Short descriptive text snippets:
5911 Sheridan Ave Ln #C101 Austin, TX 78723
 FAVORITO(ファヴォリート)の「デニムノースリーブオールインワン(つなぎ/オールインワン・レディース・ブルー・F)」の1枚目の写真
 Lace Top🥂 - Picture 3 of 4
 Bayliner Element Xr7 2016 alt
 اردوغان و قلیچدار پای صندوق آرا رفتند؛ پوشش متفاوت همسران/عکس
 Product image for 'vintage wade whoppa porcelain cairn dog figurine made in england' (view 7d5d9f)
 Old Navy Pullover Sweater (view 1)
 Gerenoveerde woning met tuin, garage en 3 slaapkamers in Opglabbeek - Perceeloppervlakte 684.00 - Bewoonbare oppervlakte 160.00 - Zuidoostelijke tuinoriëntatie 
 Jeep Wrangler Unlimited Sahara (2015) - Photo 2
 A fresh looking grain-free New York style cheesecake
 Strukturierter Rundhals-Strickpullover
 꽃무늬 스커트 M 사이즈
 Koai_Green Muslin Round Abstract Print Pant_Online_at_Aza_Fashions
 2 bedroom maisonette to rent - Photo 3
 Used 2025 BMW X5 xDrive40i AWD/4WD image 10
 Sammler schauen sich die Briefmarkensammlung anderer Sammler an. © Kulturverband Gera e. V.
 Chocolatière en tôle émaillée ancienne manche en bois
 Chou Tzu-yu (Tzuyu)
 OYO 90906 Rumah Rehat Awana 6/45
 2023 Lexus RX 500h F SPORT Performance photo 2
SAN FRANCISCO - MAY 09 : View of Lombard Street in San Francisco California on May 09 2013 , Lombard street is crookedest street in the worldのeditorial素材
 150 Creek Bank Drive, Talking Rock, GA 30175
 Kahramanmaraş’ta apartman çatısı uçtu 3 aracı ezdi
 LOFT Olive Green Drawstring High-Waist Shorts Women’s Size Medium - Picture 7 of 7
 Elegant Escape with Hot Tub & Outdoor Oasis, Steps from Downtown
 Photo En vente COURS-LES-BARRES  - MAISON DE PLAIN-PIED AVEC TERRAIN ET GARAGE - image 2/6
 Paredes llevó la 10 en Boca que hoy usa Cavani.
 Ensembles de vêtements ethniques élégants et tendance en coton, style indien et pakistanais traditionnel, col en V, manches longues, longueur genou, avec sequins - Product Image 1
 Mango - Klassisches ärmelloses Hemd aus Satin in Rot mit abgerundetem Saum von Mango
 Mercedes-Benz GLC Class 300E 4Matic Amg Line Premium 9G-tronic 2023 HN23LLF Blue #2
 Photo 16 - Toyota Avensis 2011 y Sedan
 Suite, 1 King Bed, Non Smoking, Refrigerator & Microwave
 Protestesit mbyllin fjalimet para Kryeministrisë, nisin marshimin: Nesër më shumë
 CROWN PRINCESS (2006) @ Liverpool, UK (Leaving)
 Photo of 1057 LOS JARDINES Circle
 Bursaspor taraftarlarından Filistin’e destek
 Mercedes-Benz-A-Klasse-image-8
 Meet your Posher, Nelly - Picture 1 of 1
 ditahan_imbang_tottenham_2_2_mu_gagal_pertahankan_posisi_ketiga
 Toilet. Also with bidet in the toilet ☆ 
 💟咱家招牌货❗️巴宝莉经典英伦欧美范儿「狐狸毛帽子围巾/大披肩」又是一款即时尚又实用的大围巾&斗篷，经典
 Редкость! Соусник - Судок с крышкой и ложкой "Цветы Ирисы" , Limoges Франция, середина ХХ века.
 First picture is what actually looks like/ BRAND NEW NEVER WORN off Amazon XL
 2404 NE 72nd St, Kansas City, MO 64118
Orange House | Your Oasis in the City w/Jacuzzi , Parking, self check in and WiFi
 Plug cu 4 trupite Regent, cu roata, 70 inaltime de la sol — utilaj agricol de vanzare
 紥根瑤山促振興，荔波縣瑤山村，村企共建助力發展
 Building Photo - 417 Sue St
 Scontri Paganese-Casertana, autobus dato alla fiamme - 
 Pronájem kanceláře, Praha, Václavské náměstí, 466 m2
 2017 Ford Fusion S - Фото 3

= Activity =
Take the entries above and return all of them exactly.

= Output for this exercise =
5911 Sheridan Ave Ln #C101 Austin, TX 78723
 FAVORITO(ファヴォリート)の「デニムノースリーブオールインワン(つなぎ/オールインワン・レディース・ブルー・F)」の1枚目の写真
 Lace Top🥂 - Picture 3 of 4
 Bayliner Element Xr7 2016 alt
 اردوغان و قلیچدار پای صندوق آرا رفتند؛ پوشش متفاوت همسران/عکس
 Product image for 'vintage wade whoppa porcelain cairn dog figurine made in england' (view 7d5d9f)
 Old Navy Pullover Sweater (view 1)
 Gerenoveerde woning met tuin, garage en 3 slaapkamers in Opglabbeek - Perceeloppervlakte 684.00 - Bewoonbare oppervlakte 160.00 - Zuidoostelijke tuinoriëntatie 
 Jeep Wrangler Unlimited Sahara (2015) - Photo 2
 A fresh looking grain-free New York style cheesecake
 Strukturierter Rundhals-Strickpullover
 꽃무늬 스커트 M 사이즈
 Koai_Green Muslin Round Abstract Print Pant_Online_at_Aza_Fashions
 2 bedroom maisonette to rent - Photo 3
 Used 2025 BMW X5 xDrive40i AWD/4WD image 10
 Sammler schauen sich die Briefmarkensammlung anderer Sammler an. © Kulturverband Gera e. V.
 Chocolatière en tôle émaillée ancienne manche en bois
 Chou Tzu-yu (Tzuyu)
 OYO 90906 Rumah Rehat Awana 6/45
 2023 Lexus RX 500h F SPORT Performance photo 2
SAN FRANCISCO - MAY 09 : View of Lombard Street in San Francisco California on May 09 2013 , Lombard street is crookedest street in the worldのeditorial素材
 150 Creek Bank Drive, Talking Rock, GA 30175
 Kahramanmaraş’ta apartman çatısı uçtu 3 aracı ezdi
 LOFT Olive Green Drawstring High-Waist Shorts Women’s Size Medium - Picture 7 of 7
 Elegant Escape with Hot Tub & Outdoor Oasis, Steps from Downtown
 Photo En vente COURS-LES-BARRES  - MAISON DE PLAIN-PIED AVEC TERRAIN ET GARAGE - image 2/6
 Paredes llevó la 10 en Boca que hoy usa Cavani.
 Ensembles de vêtements ethniques élégants et tendance en coton, style indien et pakistanais traditionnel, col en V, manches longues, longueur genou, avec sequins - Product Image 1
 Mango - Klassisches ärmelloses Hemd aus Satin in Rot mit abgerundetem Saum von Mango
 Mercedes-Benz GLC Class 300E 4Matic Amg Line Premium 9G-tronic 2023 HN23LLF Blue #2
 Photo 16 - Toyota Avensis 2011 y Sedan
 Suite, 1 King Bed, Non Smoking, Refrigerator & Microwave
 Protestesit mbyllin fjalimet para Kryeministrisë, nisin marshimin: Nesër më shumë
 CROWN PRINCESS (2006) @ Liverpool, UK (Leaving)
 Photo of 1057 LOS JARDINES Circle
 Bursaspor taraftarlarından Filistin’e destek
 Mercedes-Benz-A-Klasse-image-8
 Meet your Posher, Nelly - Picture 1 of 1
 ditahan_imbang_tottenham_2_2_mu_gagal_pertahankan_posisi_ketiga
 Toilet. Also with bidet in the toilet ☆ 
 💟咱家招牌货❗️巴宝莉经典英伦欧美范儿「狐狸毛帽子围巾/大披肩」又是一款即时尚又实用的大围巾&斗篷，经典
 Редкость! Соусник - Судок с крышкой и ложкой "Цветы Ирисы" , Limoges Франция, середина ХХ века.
 First picture is what actually looks like/ BRAND NEW NEVER WORN off Amazon XL
 2404 NE 72nd St, Kansas City, MO 64118
Orange House | Your Oasis in the City w/Jacuzzi , Parking, self check in and WiFi
 Plug cu 4 trupite Regent, cu roata, 70 inaltime de la sol — utilaj agricol de vanzare
 紥根瑤山促振興，荔波縣瑤山村，村企共建助力發展
 Building Photo - 417 Sue St
 Scontri Paganese-Casertana, autobus dato alla fiamme - 
 Pronájem kanceláře, Praha, Václavské náměstí, 466 m2
 2017 Ford Fusion S - Фото 3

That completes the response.